Material provided:
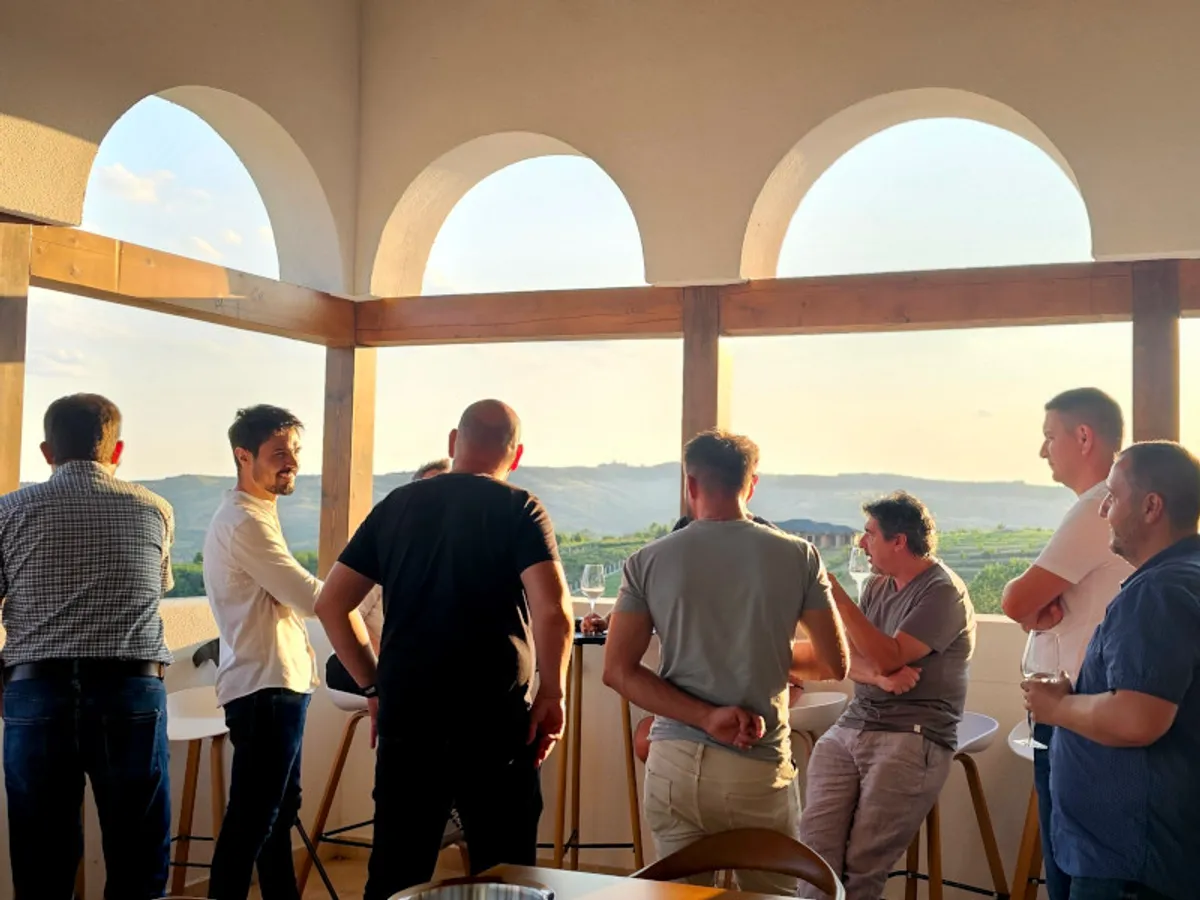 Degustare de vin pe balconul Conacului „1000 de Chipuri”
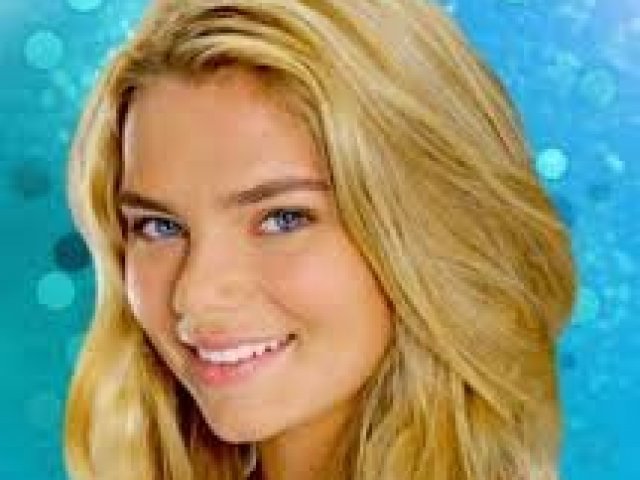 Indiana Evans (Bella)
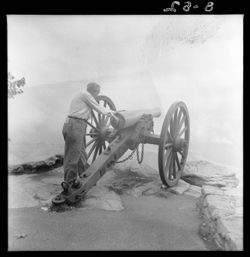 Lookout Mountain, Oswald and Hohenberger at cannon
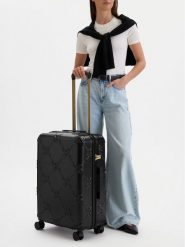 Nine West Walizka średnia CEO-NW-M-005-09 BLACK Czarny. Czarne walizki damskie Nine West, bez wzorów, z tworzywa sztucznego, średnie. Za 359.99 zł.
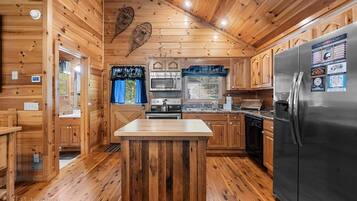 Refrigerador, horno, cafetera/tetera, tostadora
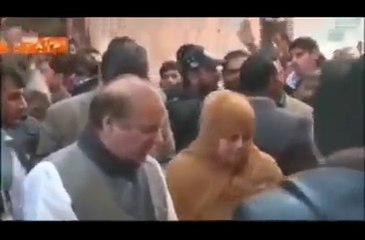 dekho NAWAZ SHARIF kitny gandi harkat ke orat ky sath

==

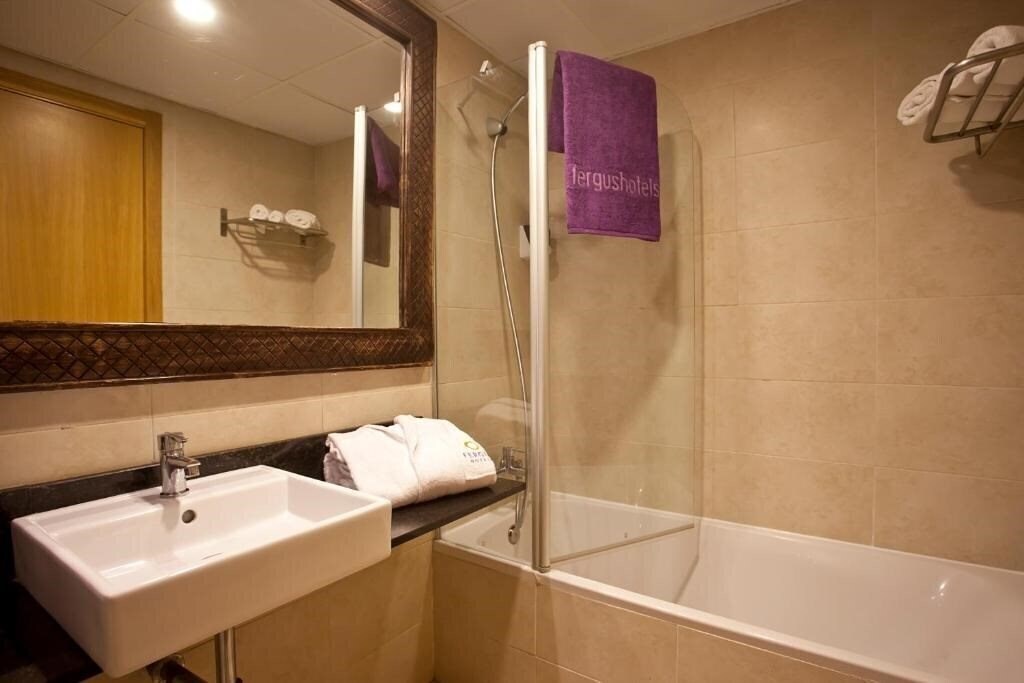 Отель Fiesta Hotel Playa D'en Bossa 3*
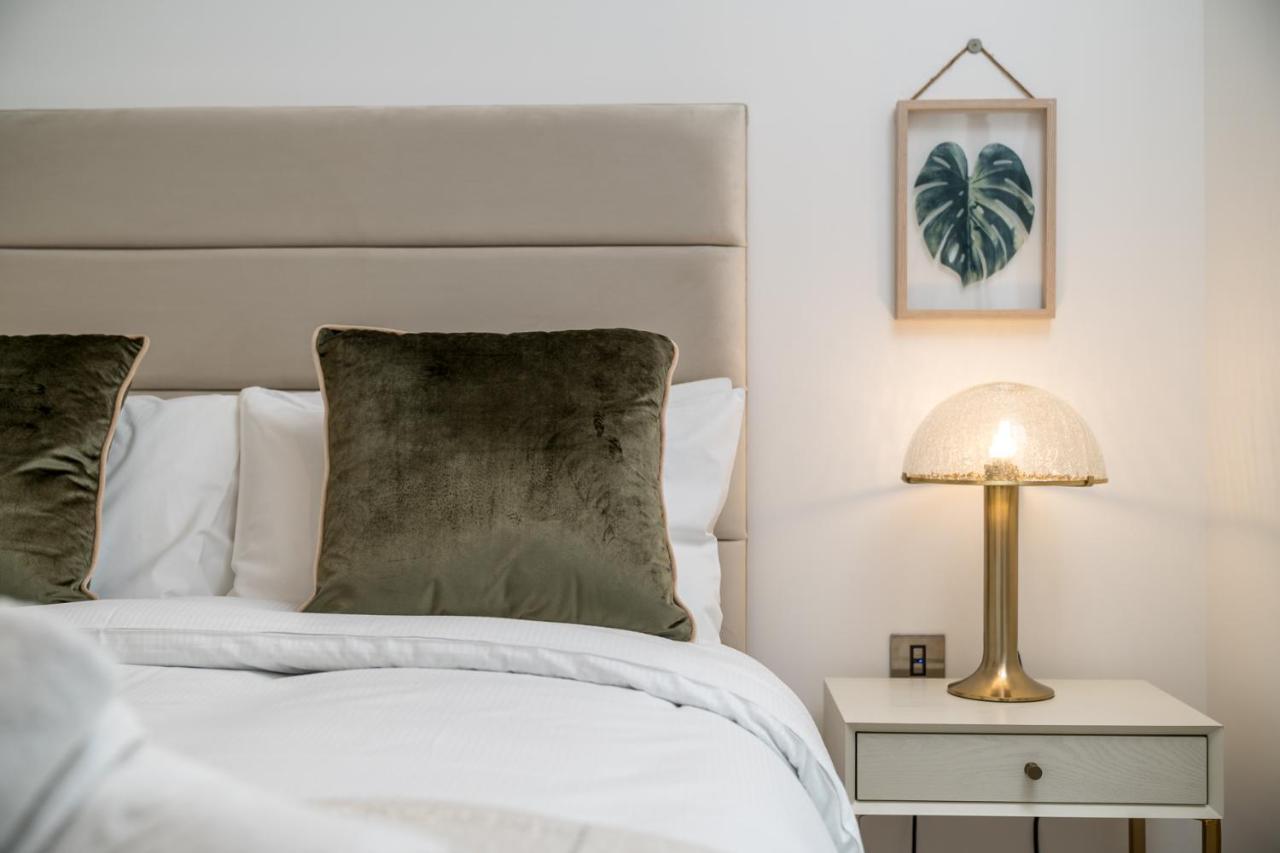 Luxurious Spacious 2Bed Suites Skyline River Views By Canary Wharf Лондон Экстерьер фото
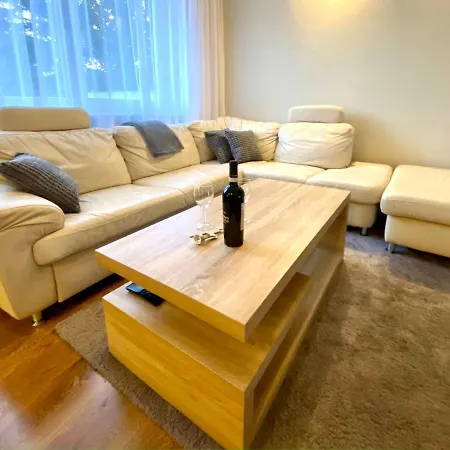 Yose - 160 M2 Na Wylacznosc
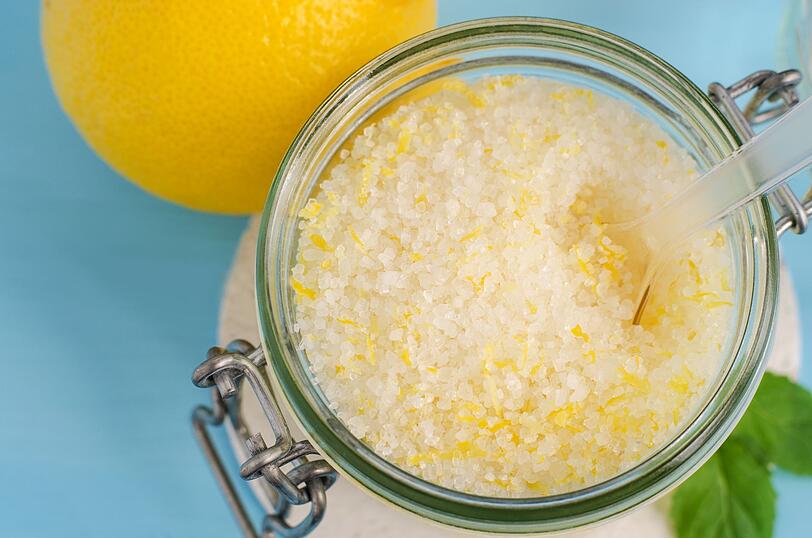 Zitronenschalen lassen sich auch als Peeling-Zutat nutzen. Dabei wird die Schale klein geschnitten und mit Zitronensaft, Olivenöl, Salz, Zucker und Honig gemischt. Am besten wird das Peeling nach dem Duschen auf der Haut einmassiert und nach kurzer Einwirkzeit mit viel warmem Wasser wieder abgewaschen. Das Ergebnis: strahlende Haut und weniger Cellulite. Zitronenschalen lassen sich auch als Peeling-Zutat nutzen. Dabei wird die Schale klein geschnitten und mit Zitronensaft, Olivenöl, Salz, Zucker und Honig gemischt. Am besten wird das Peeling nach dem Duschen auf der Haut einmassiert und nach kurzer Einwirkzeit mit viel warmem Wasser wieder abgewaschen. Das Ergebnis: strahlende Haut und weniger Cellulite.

Your assignment: Repeat, word for word, the lines of the material above from the one holding "Degustare de vin" through the one holding "dekho NAWAZ SHARIF". Leave out pictures.

Solution for this problem:
 Degustare de vin pe balconul Conacului „1000 de Chipuri”
 Indiana Evans (Bella)
 Lookout Mountain, Oswald and Hohenberger at cannon
 Nine West Walizka średnia CEO-NW-M-005-09 BLACK Czarny. Czarne walizki damskie Nine West, bez wzorów, z tworzywa sztucznego, średnie. Za 359.99 zł.
 Refrigerador, horno, cafetera/tetera, tostadora
 dekho NAWAZ SHARIF kitny gandi harkat ke orat ky sath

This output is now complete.